Pero lo verdaderamente incómodo no es el adjetivo. Es descubrir que, detrás de esa supuesta marginalidad, hubo una estrategia. Una planificación. Un nicho.
Porque los mercadólogos nos robaron el mundo a los artistas y ahora ya todo es un producto, no una expresión sofisticada.
No se trata ya de arte, sino de marketing segmentado. No importa si hay potencia, si hay lenguaje, si hay estructura: importa si puedes arrastrar seguidores, si representas un “perfil identitario vendible”, si obedece tu obra a un fin político.
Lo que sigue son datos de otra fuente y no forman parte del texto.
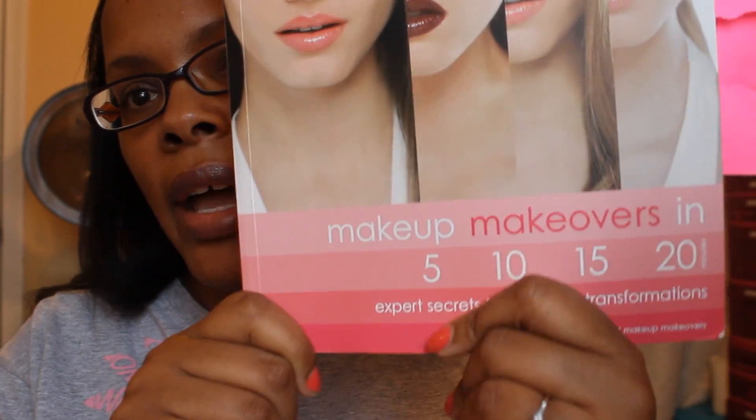One of them that I have tabbed half to death would be Makeup Makeovers: 5, 10, 15, and 20 Minutes, and this one is also from Robert Jones. He'll tell you how to do a look on the same person and show you the five-minute version, the ten-minute version, the fifteen-minute version, and the twenty-minute version — so he shows you how to recreate a look in different amounts of time.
Conozco un editor —no de oídas, lo conozco— que renunció a su puesto en una editorial muy famosa porque ya no se le pedía buscar calidad, sino escritoras cuyo contenido se vuelva mercancía para el algoritmo: que arrasaran con seguidores en redes en grandes cantidades.
Eso no es disidencia. Es performance programada. Es mercado sexual simbólico con estética de protesta. Es panfleto con cuerpo, pero sin cuerpo simbólico.
Cuando la obra se construye exclusivamente para encajar en un target, no está escribiendo: está ejecutando una estrategia de marca. Y si se le cuestiona, se ofende. Y utiliza la carta más de moda: la victimización.
Simulacros de arte pensante, de Revolución. La “destrucción” desde el “barrio” está de moda. Una supuesta marginalidad, disidencia y un simulacro de liberación de clase social.
Estas artistas que odian el capital y llaman ‘criollas con privilegios’ a pilares de la literatura mexicana como Rosario Castellanos —porque dicen que “no las representa”— (pero si no te tiene que representar, si no es un partido político)… Se les celebra con premios burgueses y mieles capitalistas.
El cuerpo femenino también ha sido vaciado por la lógica de la industria cultural.
III. El cuerpo como mercancía: del símbolo al vacío. Lo corporal como territorio simbólico arrasado.
(El clímax: la falsa liberación sexual y el tedio final)
También el “raunchy sex” está de moda. En redes, en medios, en los nuevos cuerpos de mujer, en los escritos ‘subversivos’ Todo parece liberado. Pero es la misma fantasía del hombre, reciclada.
Sexo explícito que no libera, sino reitera el imaginario patriarcal desde otra estética de mercado. Una estética que, lejos de subvertir el imaginario patriarcal, lo replica desde un nuevo envoltorio comercial.
La “liberación” de la mujer ha sido cooptada por la multimillonaria industria del porno.
La pornografía es un ciclo delirante de repeticiones: categorías específicas, targets de gustos a medida. Una y otra vez lo mismo, y al final, una sensación absoluta de tedio, insatisfacción y depresión rozagante.
El ciclo del tedio.
Y al final, nadie se toca verdaderamente. Sólo se consume sin sorpresas, sin descubrimientos, sin Eros. En su centro, ya no tiembla nada.